PROBLEM STATEMENT: A faithful copy of each record is required, minus the images.

** Opening INPUT DATA block **

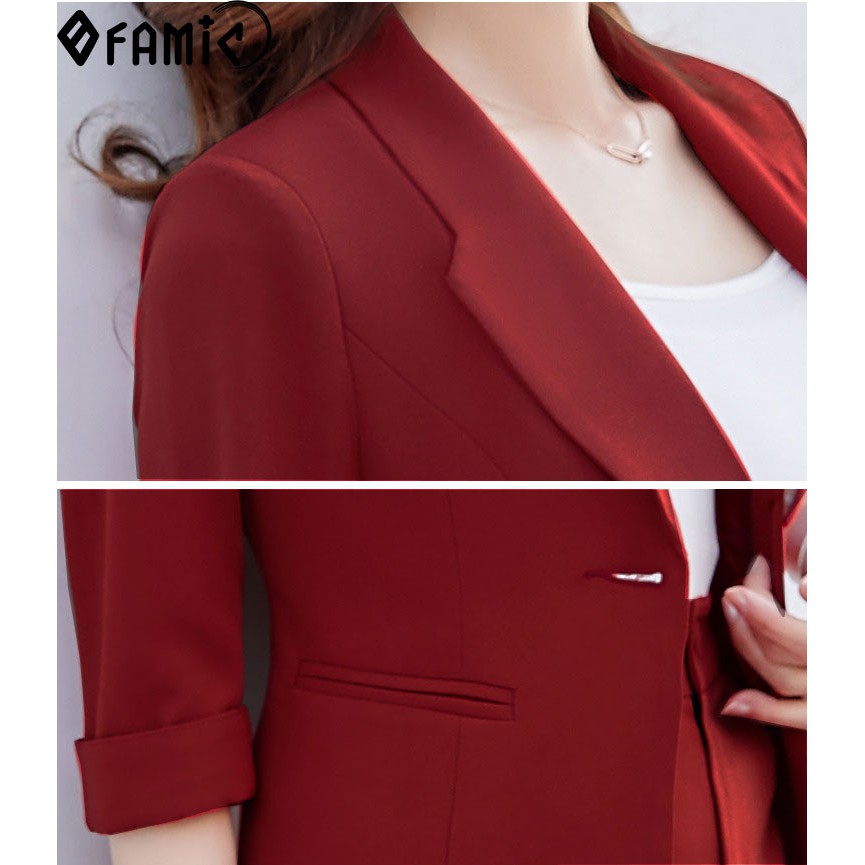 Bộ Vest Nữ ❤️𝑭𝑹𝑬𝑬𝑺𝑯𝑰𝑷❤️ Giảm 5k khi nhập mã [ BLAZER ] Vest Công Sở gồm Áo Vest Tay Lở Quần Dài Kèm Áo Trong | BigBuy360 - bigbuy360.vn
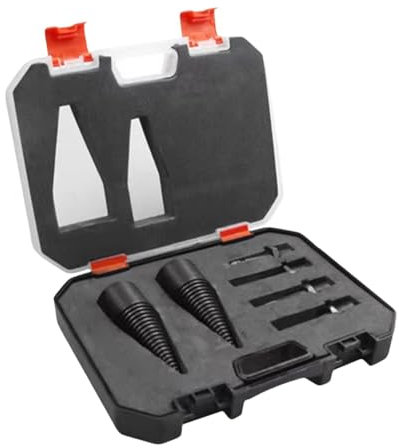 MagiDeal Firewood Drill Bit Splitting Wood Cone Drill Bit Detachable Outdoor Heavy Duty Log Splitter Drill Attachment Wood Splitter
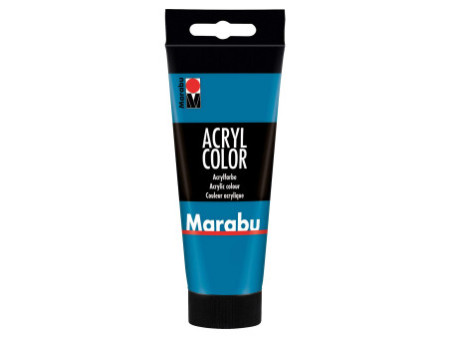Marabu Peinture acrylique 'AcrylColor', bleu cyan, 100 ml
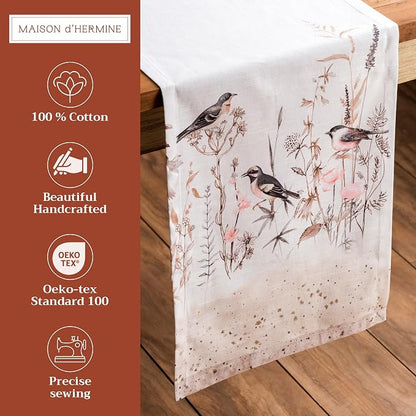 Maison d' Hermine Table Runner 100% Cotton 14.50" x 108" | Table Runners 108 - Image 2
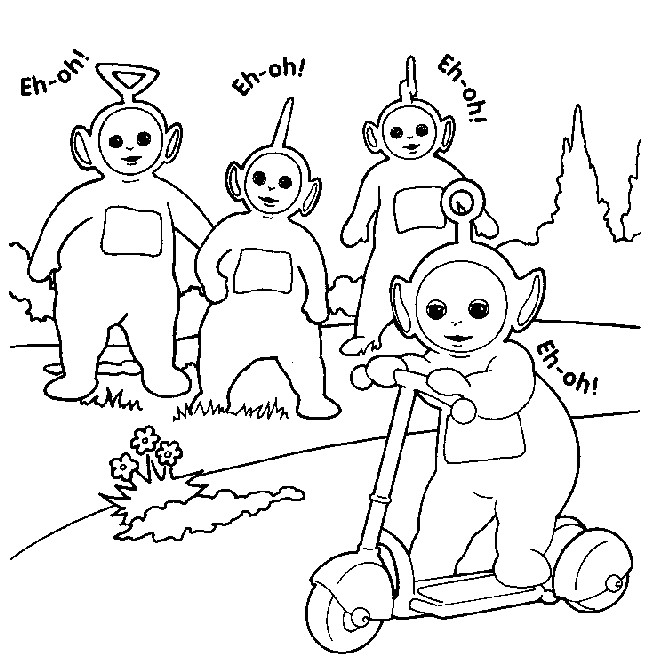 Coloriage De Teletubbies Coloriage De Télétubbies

** Closing INPUT DATA block **

PROBLEM SOLUTION:
 Bộ Vest Nữ ❤️𝑭𝑹𝑬𝑬𝑺𝑯𝑰𝑷❤️ Giảm 5k khi nhập mã [ BLAZER ] Vest Công Sở gồm Áo Vest Tay Lở Quần Dài Kèm Áo Trong | BigBuy360 - bigbuy360.vn
 MagiDeal Firewood Drill Bit Splitting Wood Cone Drill Bit Detachable Outdoor Heavy Duty Log Splitter Drill Attachment Wood Splitter
Marabu Peinture acrylique 'AcrylColor', bleu cyan, 100 ml
 Maison d' Hermine Table Runner 100% Cotton 14.50" x 108" | Table Runners 108 - Image 2
 Coloriage De Teletubbies Coloriage De Télétubbies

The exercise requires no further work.